新增实验包¶

新增实验包时，先让它像现有实验一样被发现、能训练、能评估，再考虑模型创新。共享训练、评估、推理和打包能力都在 src/taac2026/，实验包应该保持薄。

最小目录¶

experiments/my_experiment/
├── __init__.py
└── model.py

需要私有层时可以加 layers.py，但不要把共享 runtime 复制进实验包。

从哪里复制¶

你要做什么	建议起点
HyFormer 小改	`experiments/baseline`
HyFormer + 增强 / TileLang	`experiments/baseline_plus`
用户-物品交互结构	`experiments/interformer`
统一 Transformer 结构	`experiments/onetrans`
多组件消融	`experiments/symbiosis`，但只在确实需要自定义 hooks 时使用

`init.py` 负责什么¶

普通 PCVR 实验通过 create_pcvr_experiment() 声明自己：

from pathlib import Path

from taac2026.api import PCVRModelConfig, PCVRNSConfig, PCVRTrainConfig, create_pcvr_experiment


TRAIN_DEFAULTS = PCVRTrainConfig(
    model=PCVRModelConfig(num_blocks=2, num_heads=4, dropout_rate=0.02),
    ns=PCVRNSConfig(
        grouping_strategy="explicit",
        user_groups={"U1": [1, 15]},
        item_groups={"I1": [11, 13]},
        tokenizer_type="rankmixer",
        user_tokens=5,
        item_tokens=2,
    ),
)

EXPERIMENT = create_pcvr_experiment(
    name="pcvr_my_experiment",
    package_dir=Path(__file__).resolve().parent,
    model_class_name="MyModel",
    train_defaults=TRAIN_DEFAULTS,
)

关键点：

name 要唯一，通常用 pcvr_ 前缀。
model_class_name 必须和 model.py 里的类名一致。
NS 分组现在写在 PCVRNSConfig 里，不需要独立 ns_groups.json。
普通模型实验不需要手写 hooks。

只有确实改变训练、预测或 runtime 行为时，才传 hook override。
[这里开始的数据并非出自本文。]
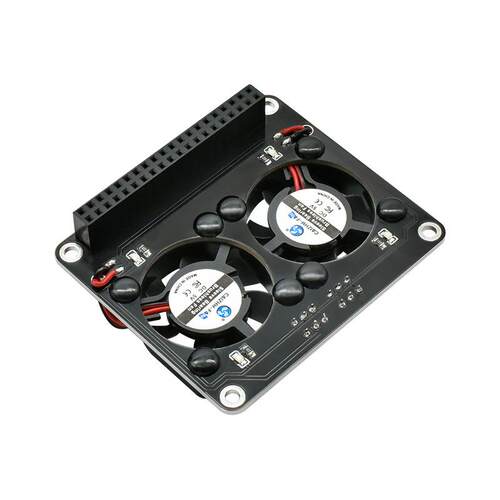 树莓派5/4B散热双风扇扩展板RaspberryPi5主动散热带LED氛围灯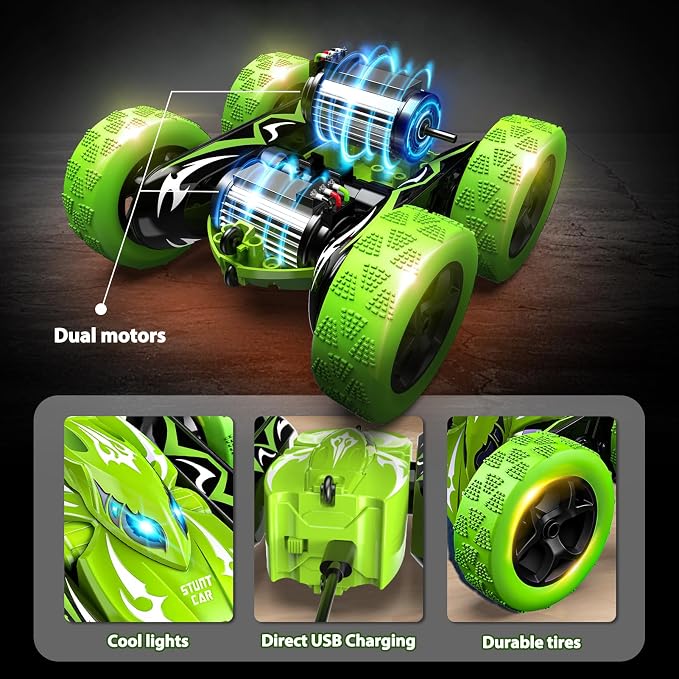 Excitobo Remote Control Car,RC Cars for 4 5 6 7 8 9 10 11 12 Year Old Boy Double Sided 360°Flip 4WD Rechargeable Drift RC Race Car Boys Toys Birthday Gifts Easter Basket Stuffers for Kids Age 4-12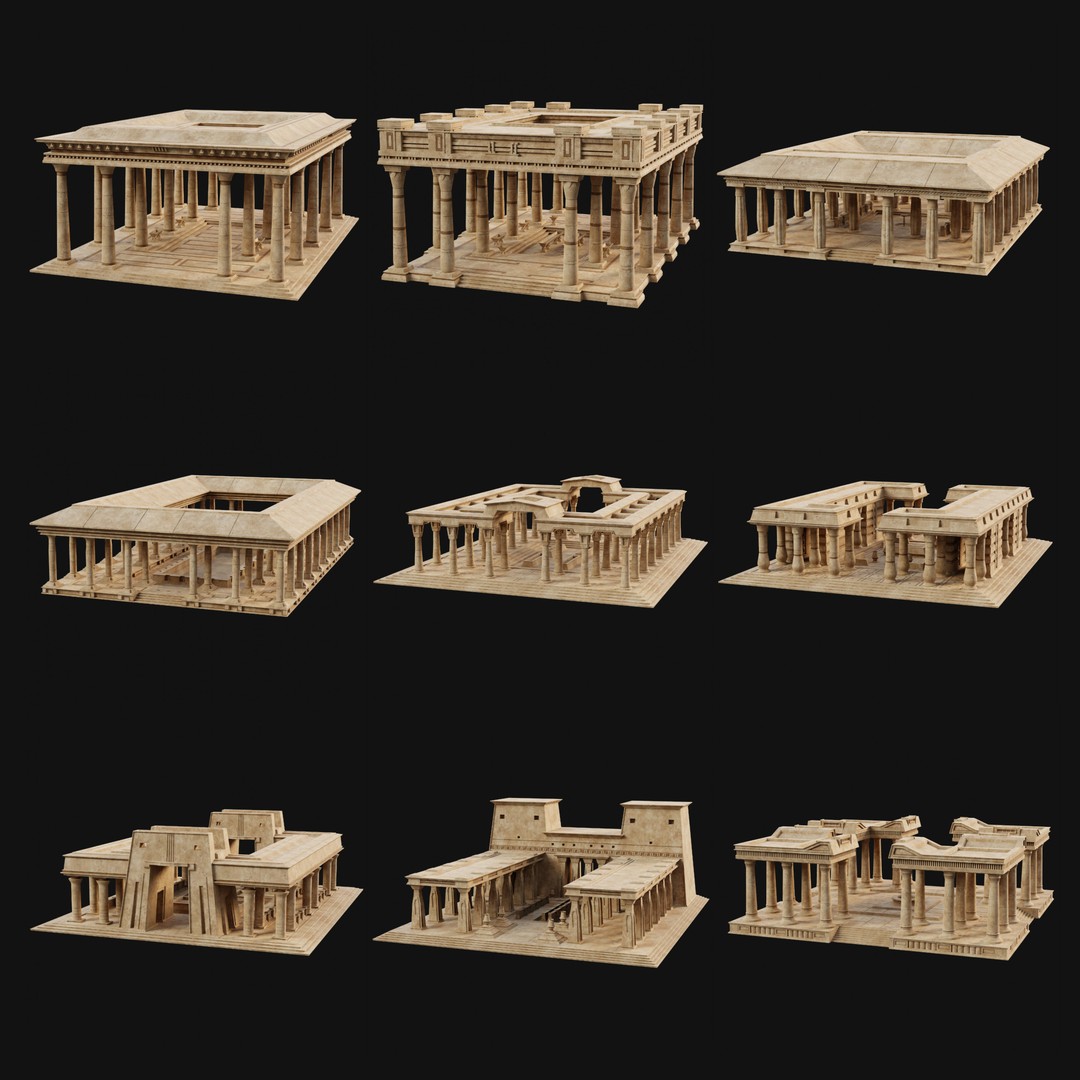 Egyptian Ancient Atrium Temple Bathhouse 3D Model – Low Poly Game Ready, FBX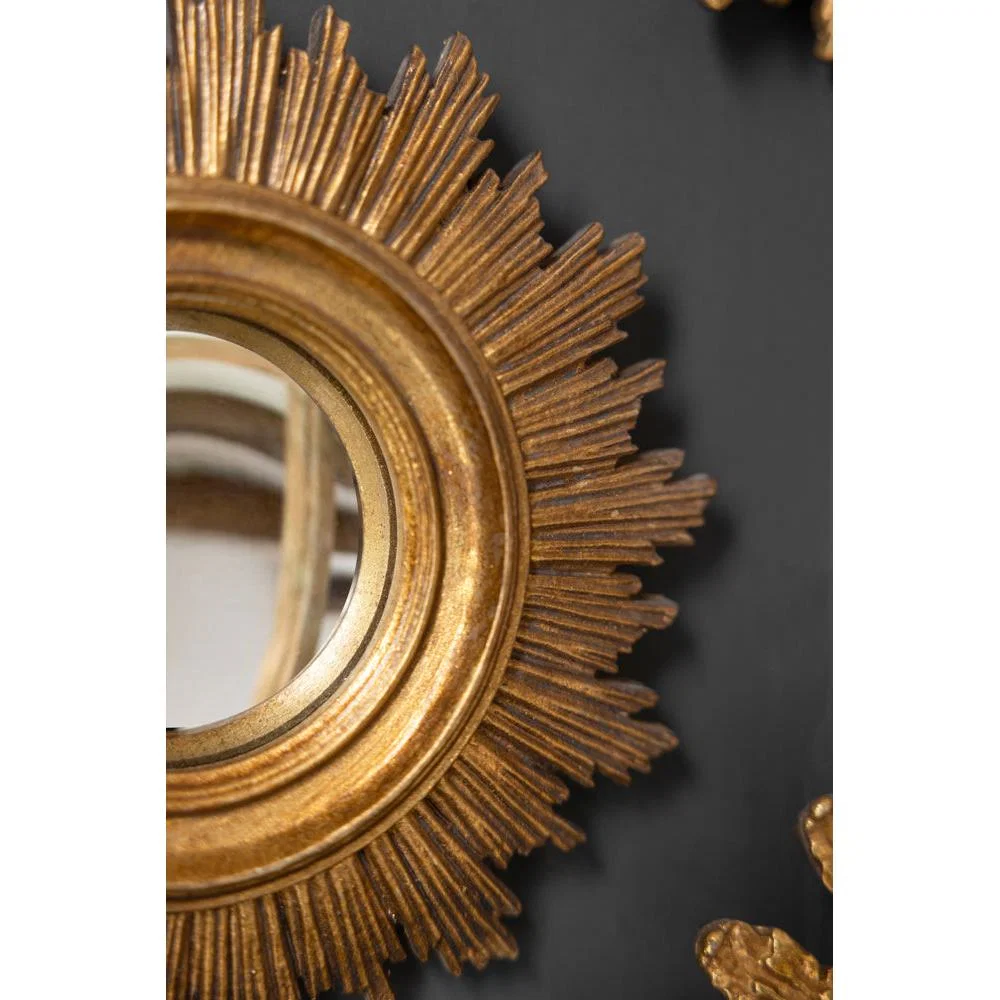 Antique Gold Small Sun Convex Mirror – image 2
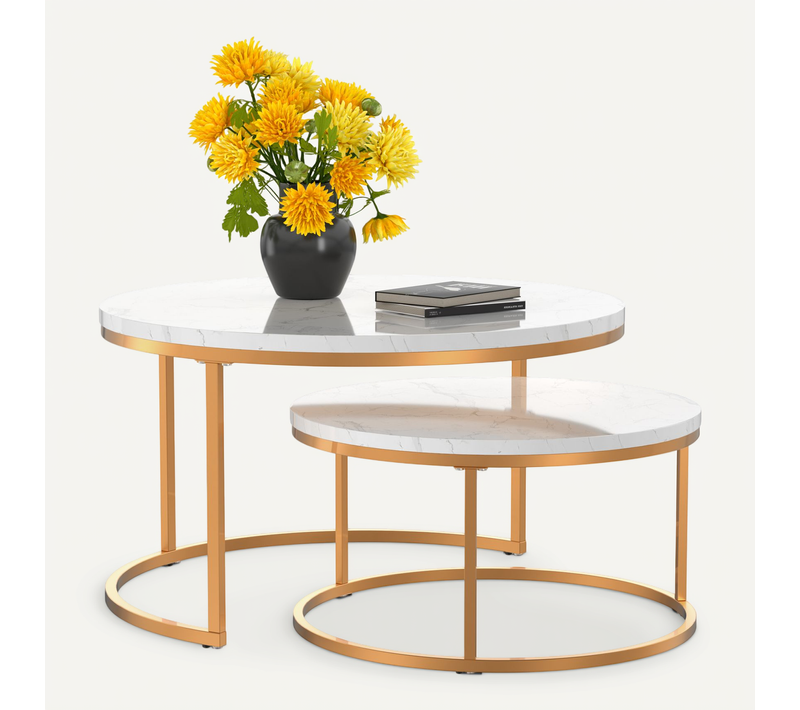 Lot De 2 Tables Basses Gigognes Rondes – Cadre En Métal Doré Et Plateau Effet Marbre Blanc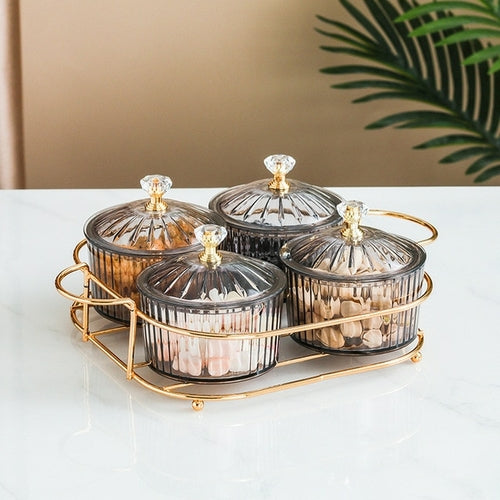 Nordic Style Transparent Round Fruit Dish for Dried Fruit and Snack Presentation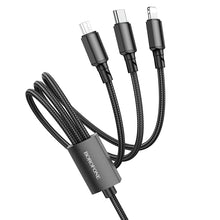 Заредете изображение във визуализатора на галерията – Borofone Cable BX72 3 in 1 - USB to Type C, Micro USB, Lightning - 2A 1 metre black

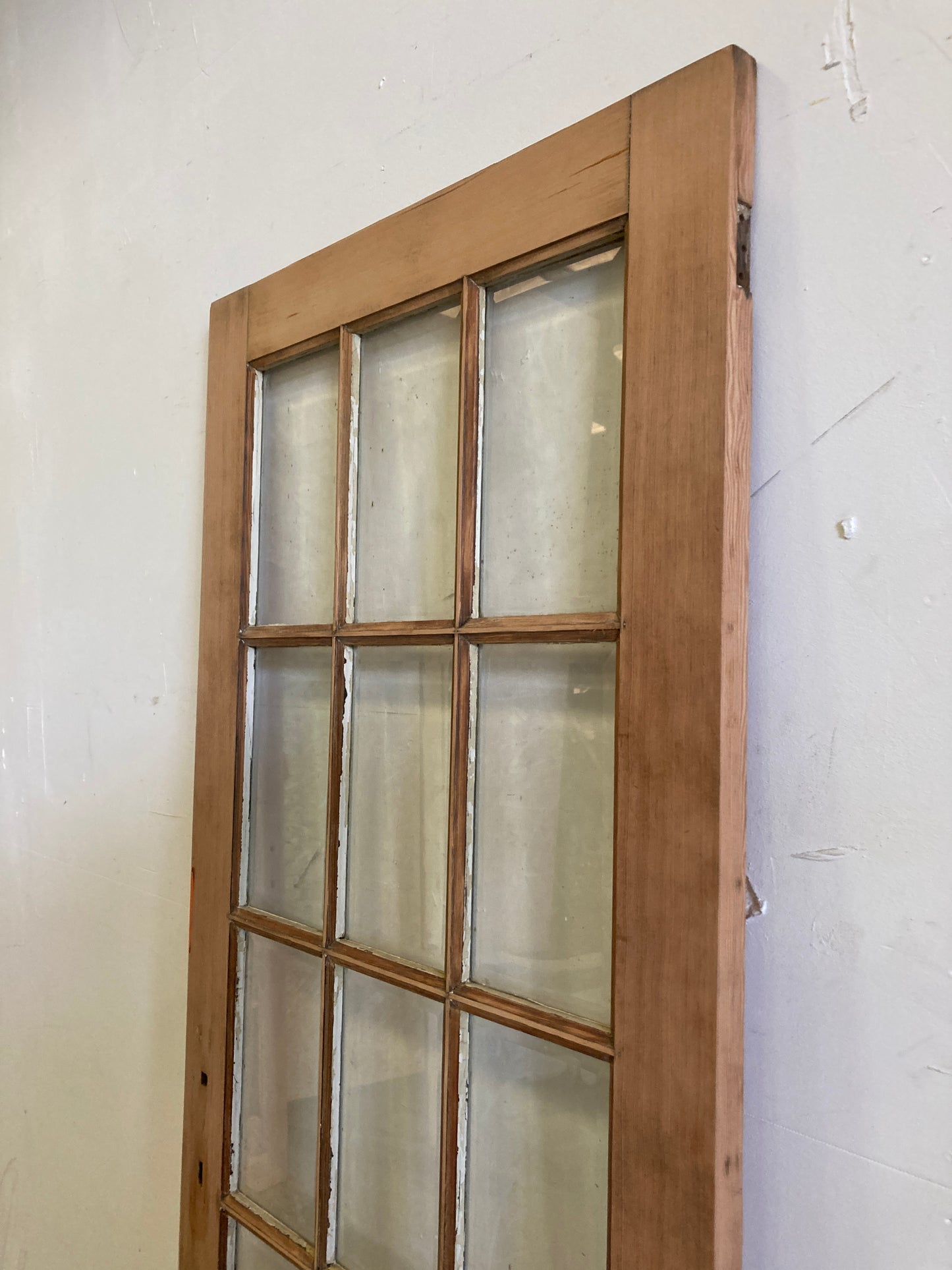 Houten binnendeur met glas - afgeschuurd (205 x 81)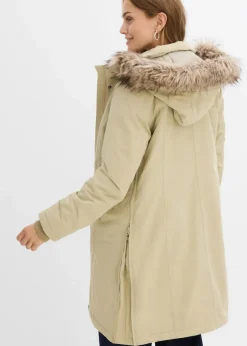 bonprix Umstandsmode|Nachhaltigere Materialien^3-in-1 wind-und wasserdichter Umstandsmantel mit Trageeinsatz rauchkhaki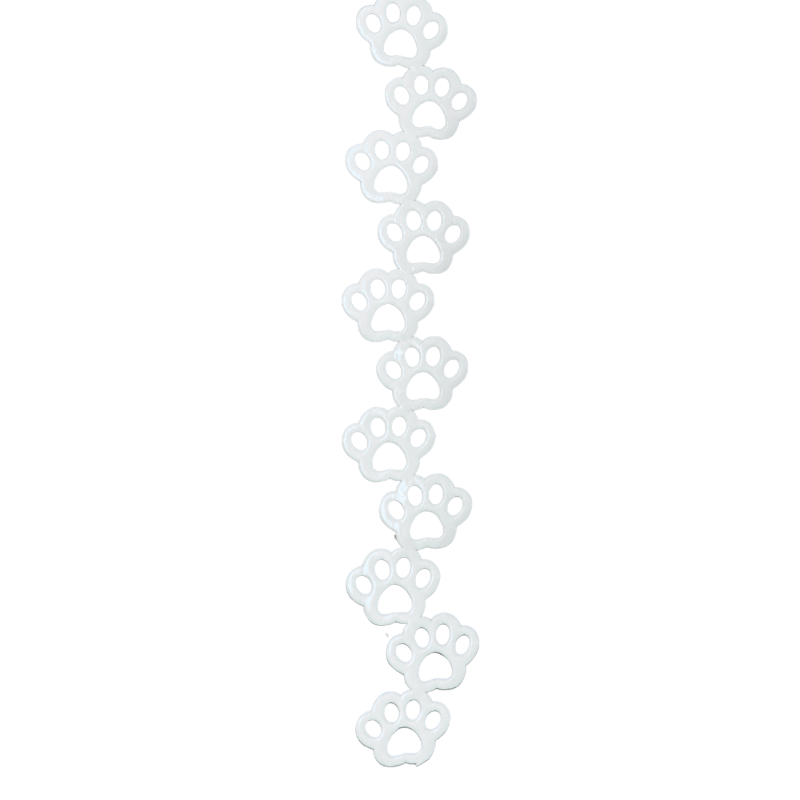 2" White Metallic Paw Print Die Cut Ribbon Garland - 2" Wide x 36" Long | 1 Count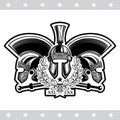 Spartan helmet front view with crossed sword between helmets and laurel wreath. Heraldic vintage label Royalty Free Stock Photo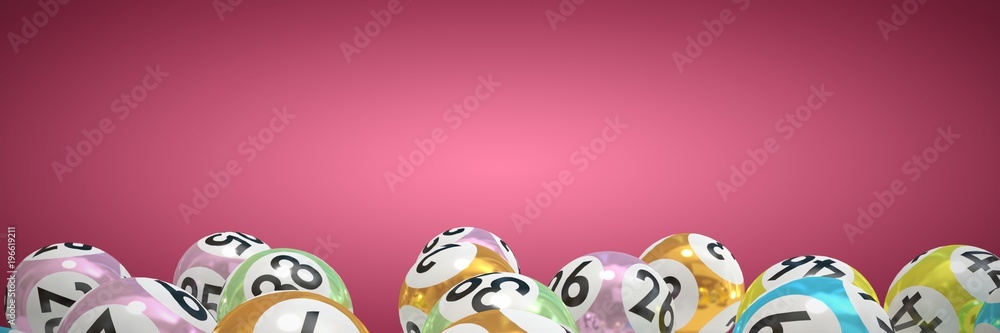 Poster composite image of lottery balls with numbers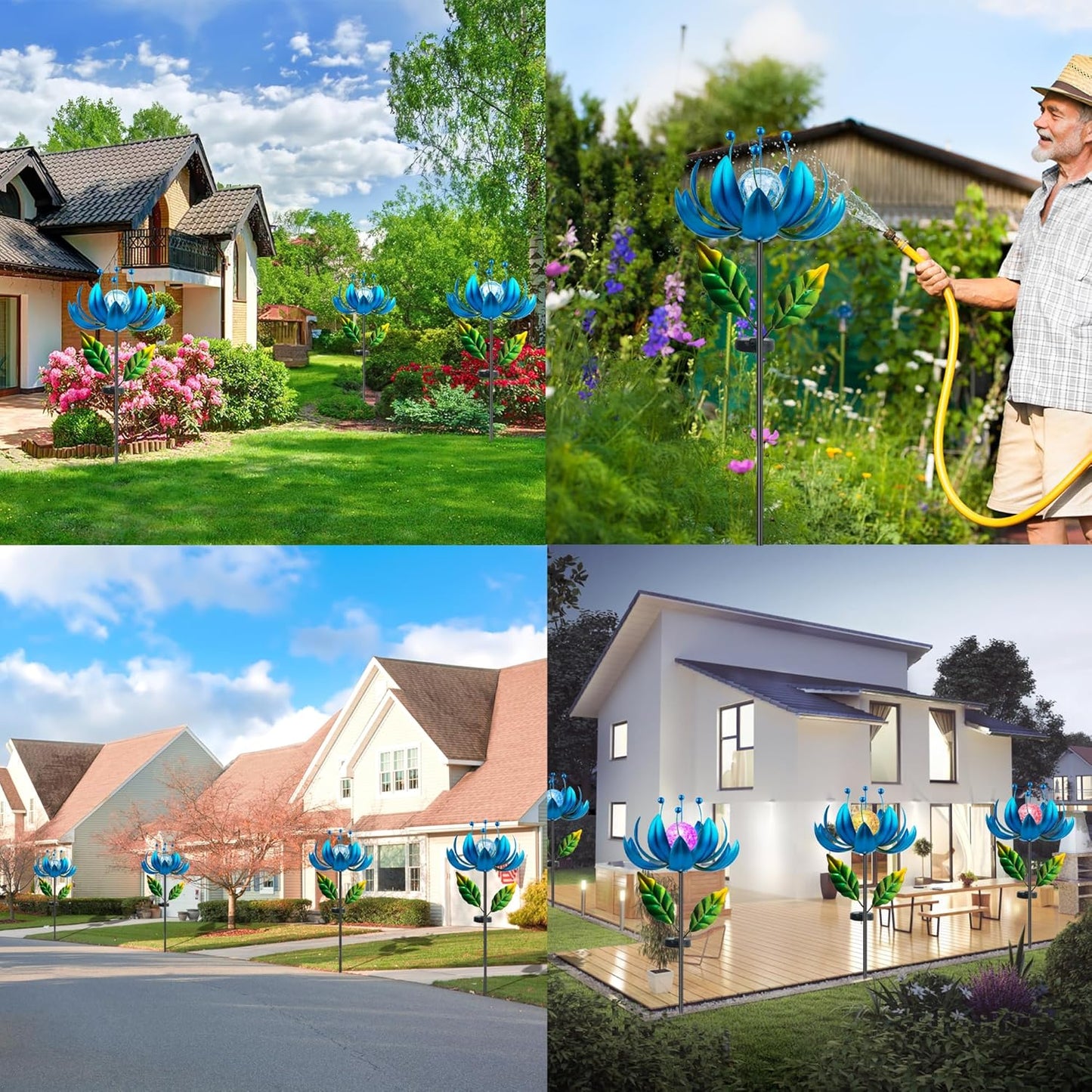 Solar Wind Spinner, 38 Inch Metal Stake Yard Spinners,Solar Powered Multi-Color LED Glass Ball with Kinetic Wind Sculpture Spinner Windmills for Yard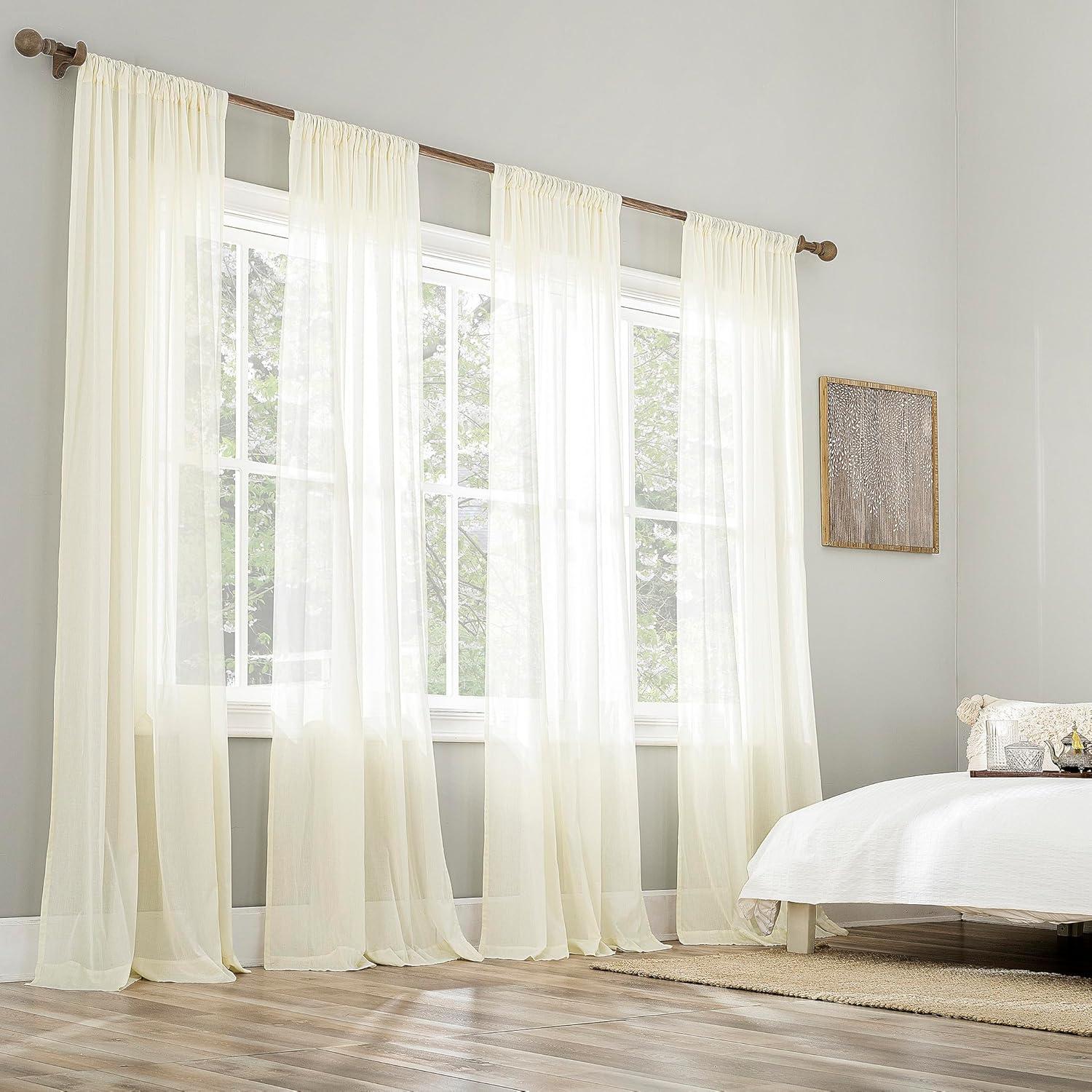 50"x63" Archaeo Sheer 100% Cotton Curtain Panel Cream: Transitional Voile Rod Pocket Indoor Drapery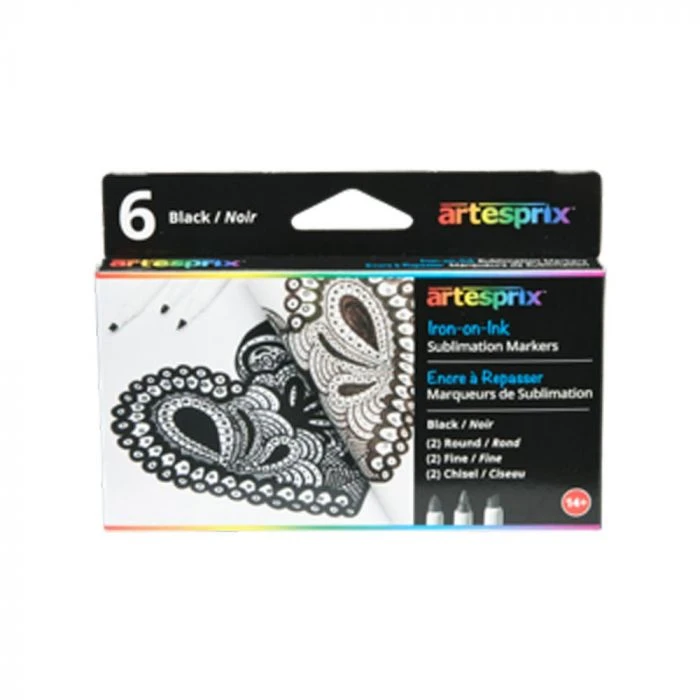 Artesprix Black Sublimation Markers (6/pack) 1 Artesprix Black Sublimation Markers (6/pack)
可以参考 experiments/symbiosis/__init__.py。

实验发现机制¶

加载逻辑在 src/taac2026/application/experiments/registry.py：

--experiment experiments/my_experiment 会按文件系统路径加载。
--experiment experiments.my_experiment 会按 Python module 加载。
被加载模块必须导出 EXPERIMENT。
EXPERIMENT 可以是 ExperimentSpec，也可以是带 name、train、evaluate、infer 方法的对象。

create_pcvr_experiment() 位于 src/taac2026/application/experiments/factory.py。它会把默认 PCVR hooks 组装成 PCVRExperiment，普通实验通常不需要自己实现 train()、evaluate() 或 infer()。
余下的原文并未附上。